From equation (1), the more negative the calculated binding energy, the more stable the complex. As shown in Table 6, is strongest in 4 with a value of −227.2 kJ/mol followed by the parent borane 1 with −201.3 kJ/mol.

Complex 3, with NH2 substituents on the borenium ion was the least stable with a binding energy of +100.6 kJ/mol. Generally, substituents on the 2 and 3 positions of the imidazol-2-ylidene ligand have negligible effects on the C1-B28 bond as confirmed by the binding energies of 6 and 7 relative to the parent compound 1. The relatively weak binding energies of 2 and 3 could be attributed to intramolecular steric interactions [7] between the OH groups on the borenium atom in 2 and the corresponding isopropyl substituents on the Im ligand as well as between the NH2 groups and the iPr groups in 3.
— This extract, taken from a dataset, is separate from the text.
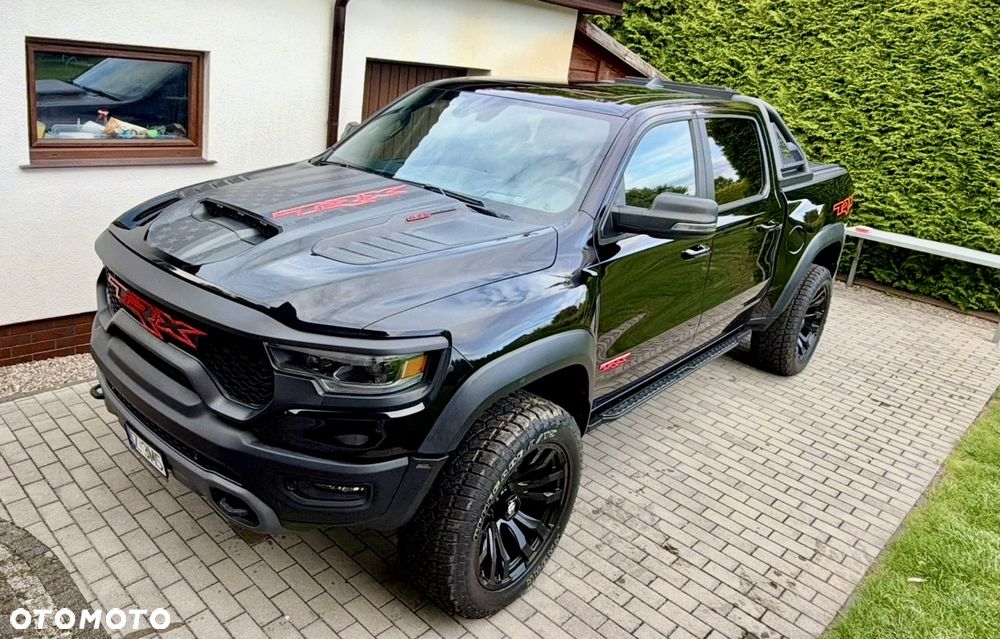 Dodge RAM TRX - 3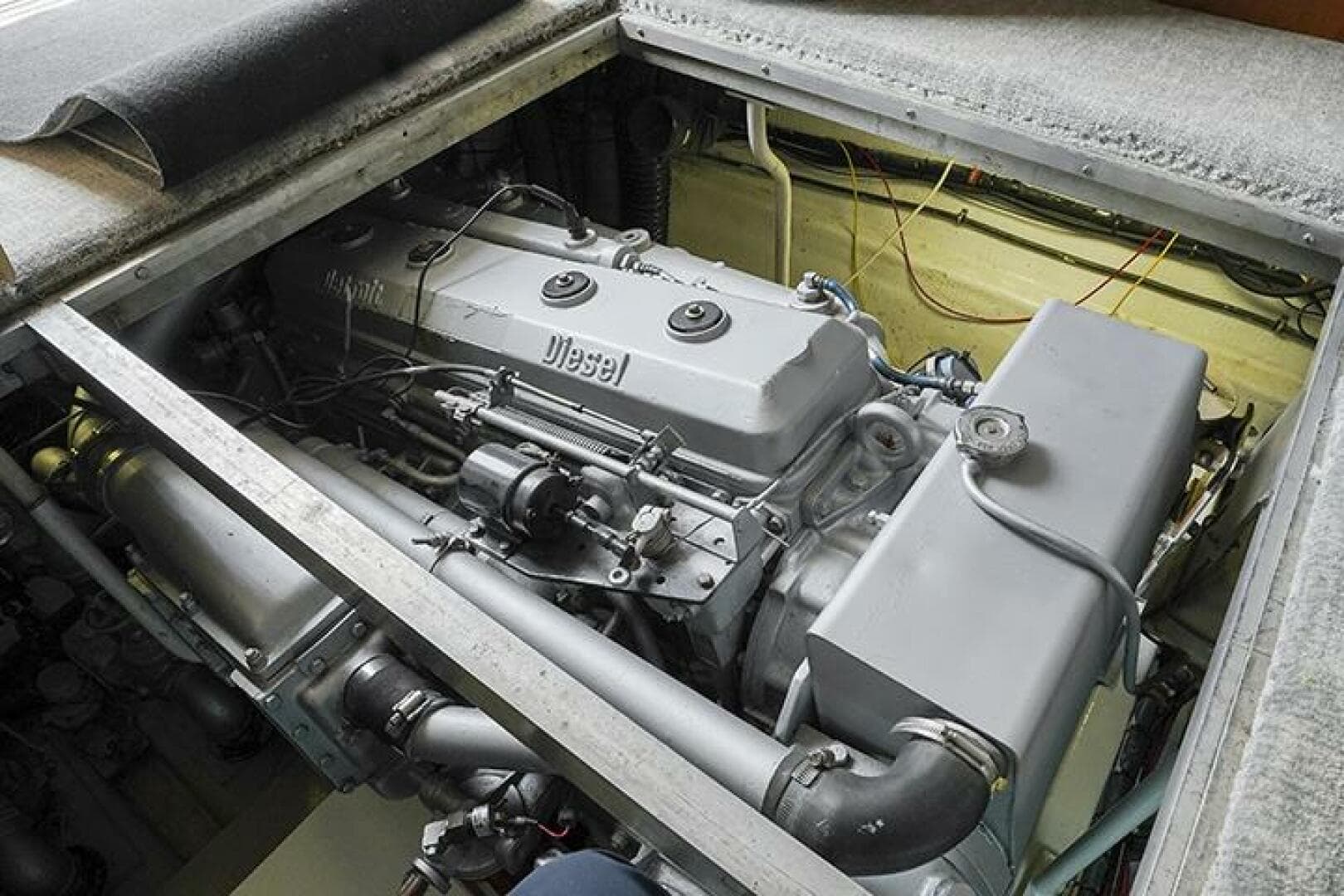 1987 Viking Palm Beach — photo 29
With regards to observations made in Tables 5 and 6 on the distribution of electrons and the accompanying charges on C1 and B28, the electrostatic potential surface of the complexes was plotted as shown in Figure 4.

The color scheme indicates that the boron atom becomes more electropositive when electronegative groups such as OH, NH2, CN, and F are attached, as shown in complexes 2, 3, 4, and 5. The electron distribution in the C1-B28 bond is largely unaffected when these electron withdrawing groups are bonded to the 2 and 3 positions of the imidazole ligand as observed in structures 6 and 7 relative to structure 1.

4. Conclusion

This work used the relatively large number of group IA, group IIA, and group IIIA imidazol-2-ylidene complexes in the Cambridge Structural Database (CSD) to investigate their M-Ccarbene bond distances as well as the preferred geometries and coordination numbers. Generally, group IIIA metal-imidazol-2-ylidenes were the most abundant with 313 entries followed by group IA with 73 and group IIA with 45 entries. The average M-Ccarbene bond lengths were found to increase down each group and be similar along each diagonal. Potassium complexes presented the most diverse forms of coordination numbers ranging from CN = 2 to CN = 8. It was also observed that most of the metals except calcium formed complexes in which the metal ion is tetrahedrally coordinated. Dominant factors such as Lewis acidity and electrostatic attractions were found to control the bonding modes of the respective ions.

In all, tetrahedrally coordinated boron imidazol-2-ylidene complexes were the most numerous (101 entries). Natural bond orbital (NBO) analysis of these complexes bearing N-substituted isopropyl groups with various electron withdrawing and electron donating groups showed that the strength of the B-Ccarbene bond depends on the bulkiness of the substituents on the borenium atom which sterically interfere with the isopropyl groups on the N-atoms of the imidazol-2-ylidene ligand. This observation was further confirmed by estimation of the binding energy, natural charge, and the electron distribution in the B-Ccarbene bond.

Data Availability

The data used to support the findings of this study are available from the corresponding author upon request.

Conflicts of Interest

The author declares that there are no conflicts of interest regarding the preparation and publication of this paper.

Acknowledgments

The author is grateful to the FAIRE program of the Cambridge Crystallographic Data Centre (CCDC) for the opportunity to use the Cambridge Structural Database (CSD) for the substructure searches, molecular visualization, and statistical analysis.